New angles and concepts in 3D printing are always welcome, and we haven’t seen anything quite like [Horn & Rhode]’s 3D prints that do not look anything like 3D prints, accomplished with an experimental tool called HueForge. The concept behind it is simple (though not easy), and the results can be striking when applied correctly.

3D prints that really don’t look 3D-printed.

The idea is this: colored, melted filament is, in a sense, not that different from colored paint. Both come in various colors, are applied in thin layers, and blend into new colors when they do so. When applied correctly, striking imagery can emerge. An example is shown here, but there are several more both on the HueForge project page as well as models on Printables.
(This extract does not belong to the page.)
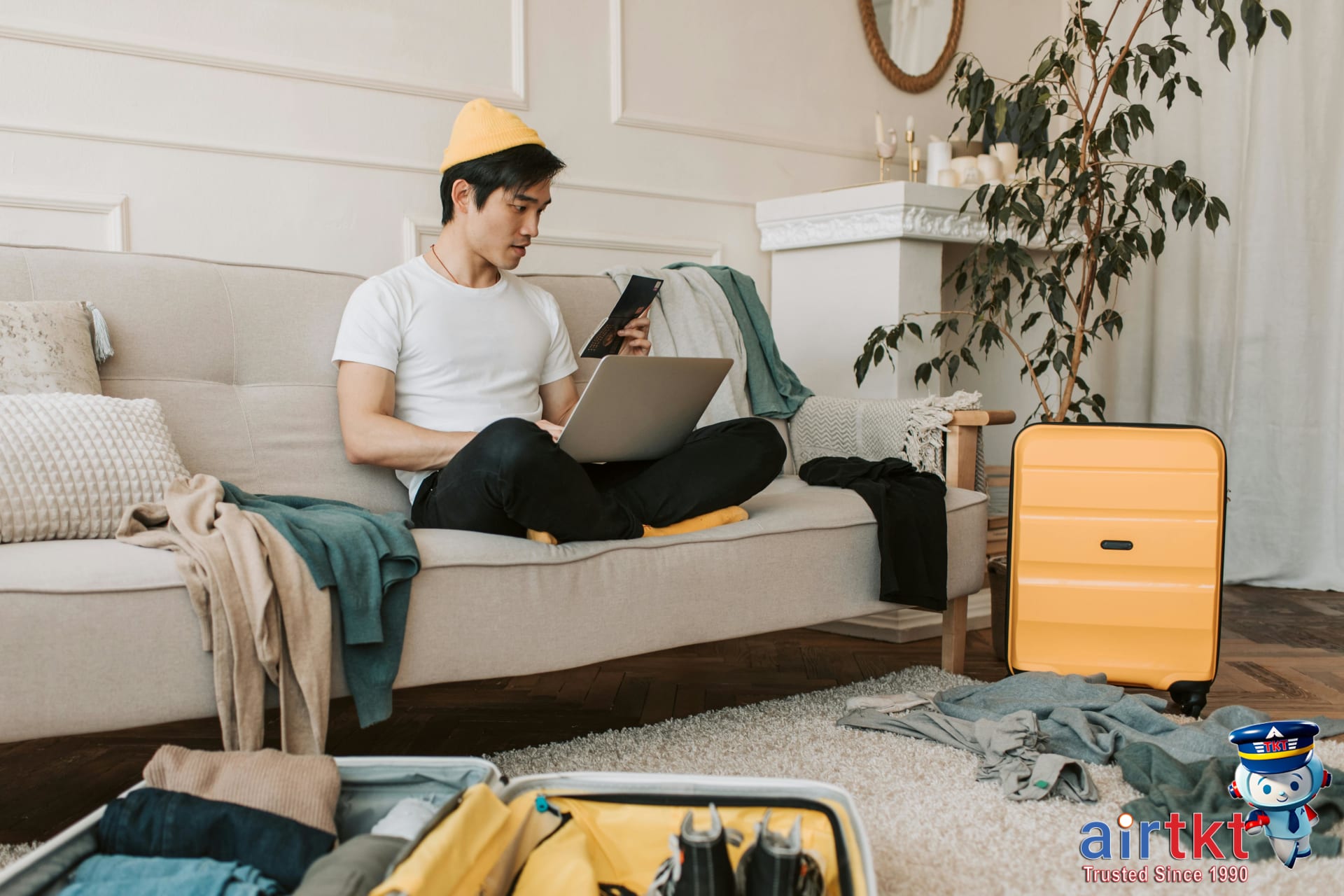 Traveler using smartphone to manage elite status programs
Instead of the 3D printer producing a 3D object, the printer creates a (mostly) flat image similar in structure to a lithophane. But unlike a lithophane, these blend colors in clever and effective ways by printing extremely thin layers in highly precise ways.

Doing this effectively requires a software tool to plan the color changes and predict how the outcome will look. It all relies on the fact that even solid-color filaments are not actually completely opaque — not when printed at a layer height of 0.08 mm, anyway — and colors will, as a result, blend into one another when layered. That’s how a model like the one shown here can get away with only a few filament changes.

Of course, this process is far from being completely automated. Good results require a solid amount of manual effort, and the transmissivity of one’s particular filament choices plays a tremendous role in how colors will actually blend. That’s where the FilaScope comes in: a tool to more or less objectively measure how well (or how poorly) a given filament transmits light. The results plug into the HueForge software to better simulate results and plan filament changes.

When done well, it’s possible to create things that look nothing at all like what we have come to expect 3D-printed things to look. The cameo proof-of-concept model is available here if you’d like to try it for yourself, and there’s also an Aztec-style carving that gives a convincing illusion of depth.

[Horn & Rhode] point out that this concept is still searching for a right-sounding name. Front-lit lithophane? Reverse lithophane? Filament painting? Color-blended bas-relief? If you have a better idea, we urge you not to keep it to yourself because [Horn & Rhode] absolutely want to hear from you.